Bu anlamda Türkiye‘nin kalkınma sürecini ikiye ayırabiliriz… Atatürk dönemi… Atatürk’ten sonraki dönem. Atatürk döneminde oluşturulan ekonomik, siyasi ve sosyal altyapı, Atatürk‘ten sonra devam etmedi… Tersine 1980 sonrası, önemli kamu altyapı yatırımları da özelleştirme kapsamı içine alındı. Gerçekte ise sosyal faydası daha fazla olan kamu altyapı yatırımlarının ve tekel niteliğindeki yatırımların özel sektöre devredilmesi , toplam faydanın düşmesine neden olur ve piyasada eksik rekabet yaratır.
Cumhuriyetten sonra Atatürk’ün ekonomide yaptığı devrimler, en az siyaset ve sosyal alanda yapılanlar kadar önemlidir.
Önemlidir… Çünkü cumhuriyetin kuruluş yıllarında iktisadi kalkınmanın önünde, en az savaş kadar önemli engeller bulunmaktaydı.. Attrük döneminde ekonomide de devrim yapıldı.
1) İktisadi kalkınma için fiziki alt yapı yoktu… Mevcut olanlar da savaşta tahrip olmuştu.
2) Kapitülasyonlar vardı.. Duyunu Umumiye vardı.. Duyunu Umumiye dışında da Osmanlı borçları vardı.
3) Fiziki ve beşeri sermaye yoktu.. Vergi gelirleri düşüktü.. Aşar gibi ilkel vergiler vardı.. Eğitim ve sağlık gibi beşeri yatırımlar yok denecek kadar azdı.. Aktif nüfusun önemli bir kısmı telef olmuştu.. Erkek nüfus sayısı düşüktü.
4) Piyasanın oluşması ve ticaret için gerekli olan hukuki alt yapı yoktu.
Bu sorunları çözmek… İktisadi gelişmenin önünü açmak.. O dönemin şartları içinde ancak “Ekonomide devrim” olarak tarif edilebilir.

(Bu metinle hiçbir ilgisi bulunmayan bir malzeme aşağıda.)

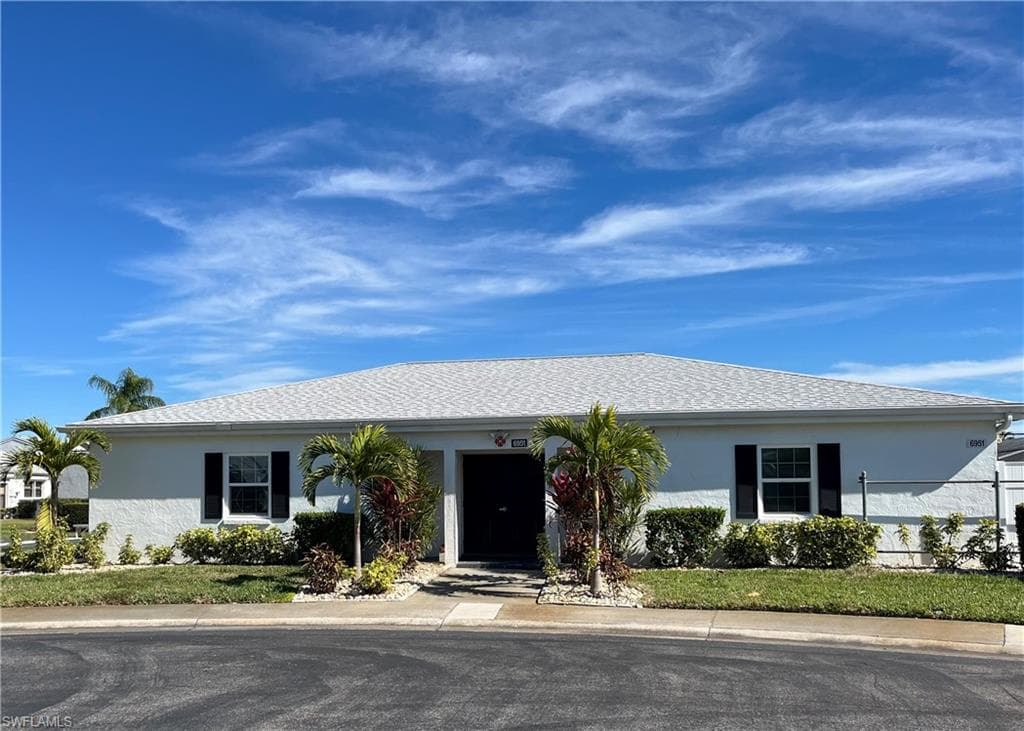 6986 Winkler RD, FORT MYERS FL 33919-34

Bu devrimin yolu, Atatürk‘ün isteği ile 1923’te yapılan “İzmir İktisat Kongresinde çizildi.
Kongrede, alınan kararları iki grupta toplayabiliriz…

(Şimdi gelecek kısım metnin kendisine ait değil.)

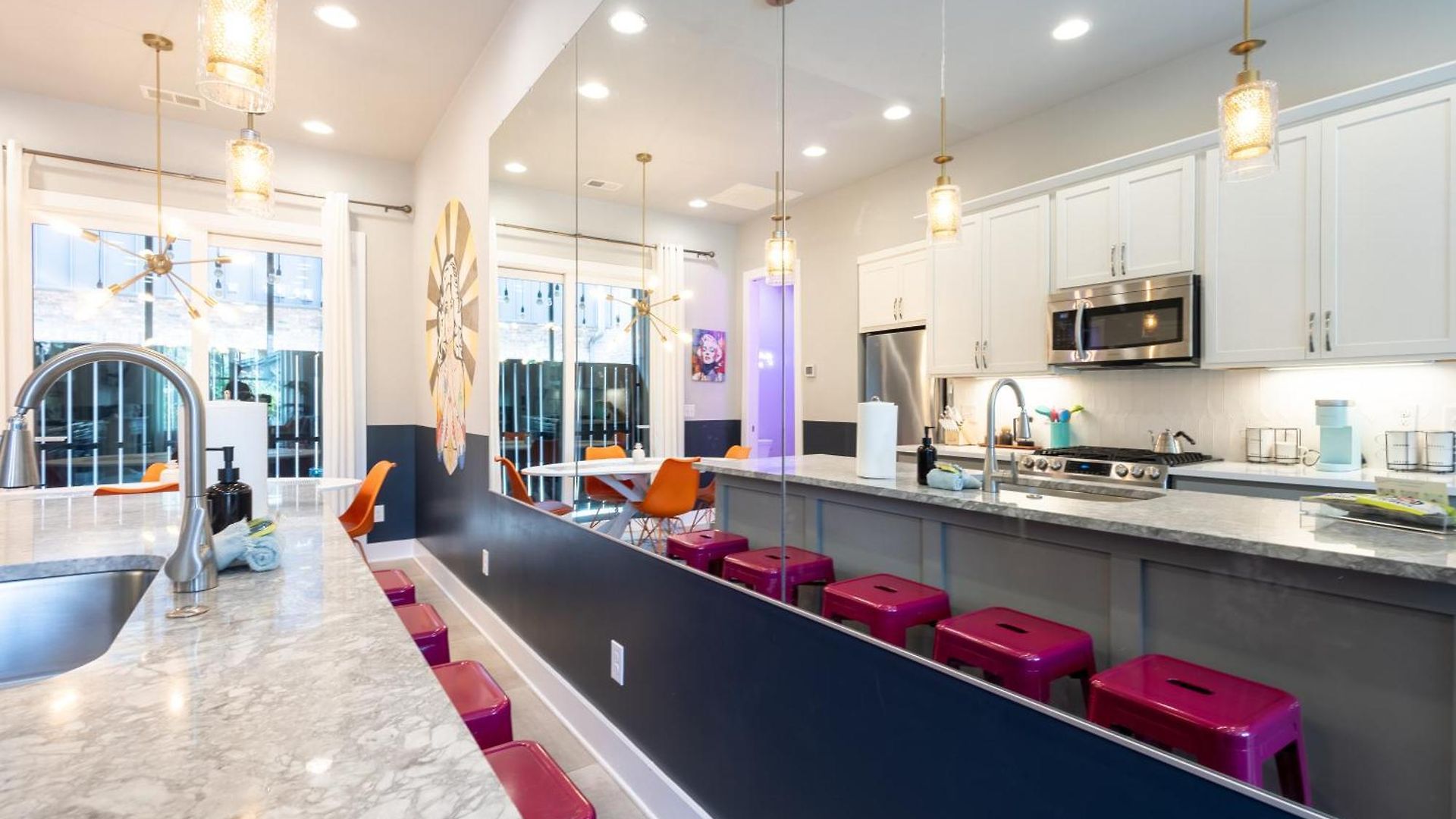 Heights Townhome With Free Parking & 3 Baths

Birisi, “Misakı İktisadi” (İktisadi anlaşma)…
Diğeri, “Çiftçi, tüccar, sanayici ve işçi gruplarına müteallik esaslar” İzmir İktisat Kongresi’nde alınan kararların esası, “Kalkınmanın özel sektör eliyle gerçekleşmesi ve ekonomide liberal politikaların uygulanması” şeklindeydi.
Öte yandan Atatürk, 1 Mart 1922 Meclis konuşmasında, Ekonomik bağımsızlık yolunu da çiziyordu.

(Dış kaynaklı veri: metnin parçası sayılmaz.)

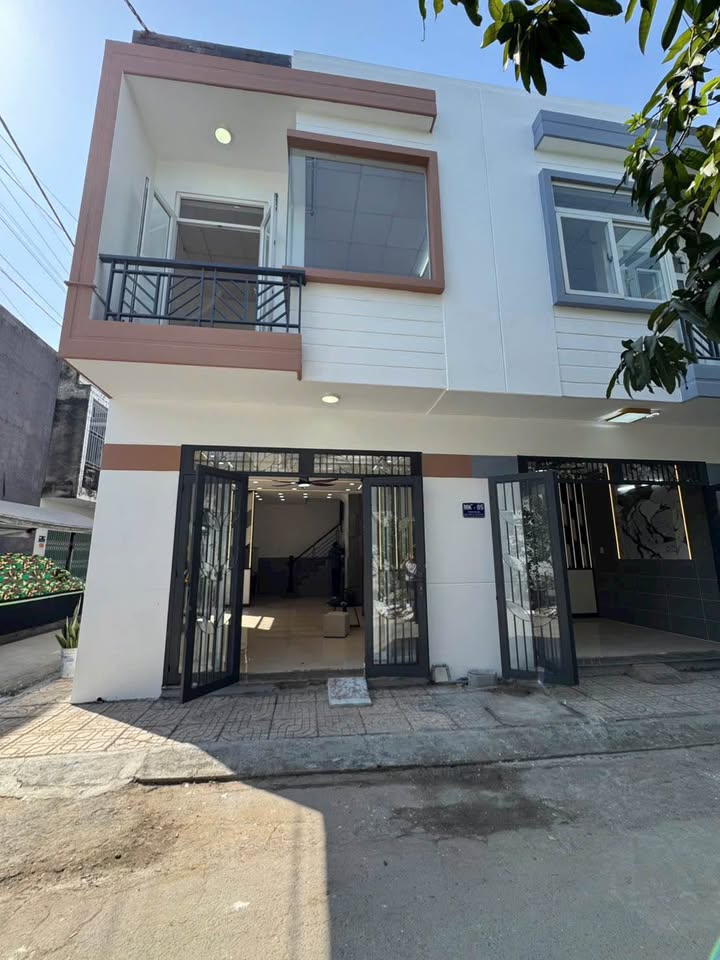 Nhà KDC Trần Anh, Mỹ Hạnh Nam, 40m² giá 980 triệu - Nhà đẹp, tiện ích đầy đủ!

‘’Dışarıdan alınan borç paraları, şimdiye kadar Babıali’nin yaptığı şekilde, ödemeye zorunlu değilmişiz gibi, üretici bir yatırıma dayanmaksızın boşu boşuna sarf ile tüketerek, devlet borçlarının yükünü arttıracak ve mali bağımsızlığımızı tehlike karşısında bırakacak bir uygulamaya kesin olarak karşıyız. Biz, memlekette halkın refah seviyesini yükseltecek, imarı ve üretimi arttıracak ve gelir kaynaklarımızı geliştirmeye yararlı olabilecek yöndeki dış borçlanmadan yanayız.’’
Belki dönemin en büyük başarısı , ekonomik bağımsızlık konusunda atılan adımlar olmuştur. Bu çevrede, kapitülasyonlar ve Duyunu Umumiye idaresine son verildi.. Aşar gibi ilkel ve haksız bir vergi yürürlükten kaldırıldı… İsviçre’den “Borçlar Hukuku” alındı… Eğitim seferberliği ilan edildi.. Özel sektörü teşvik yasası çıkarıldı…
Eğer gelen iktidarlar popülist politikalar peşinde koşmasaydı, bu altyapıyı iyi değerlendirseydi, fert başına gelir düzeyimiz bu günkünün iki katı olurdu.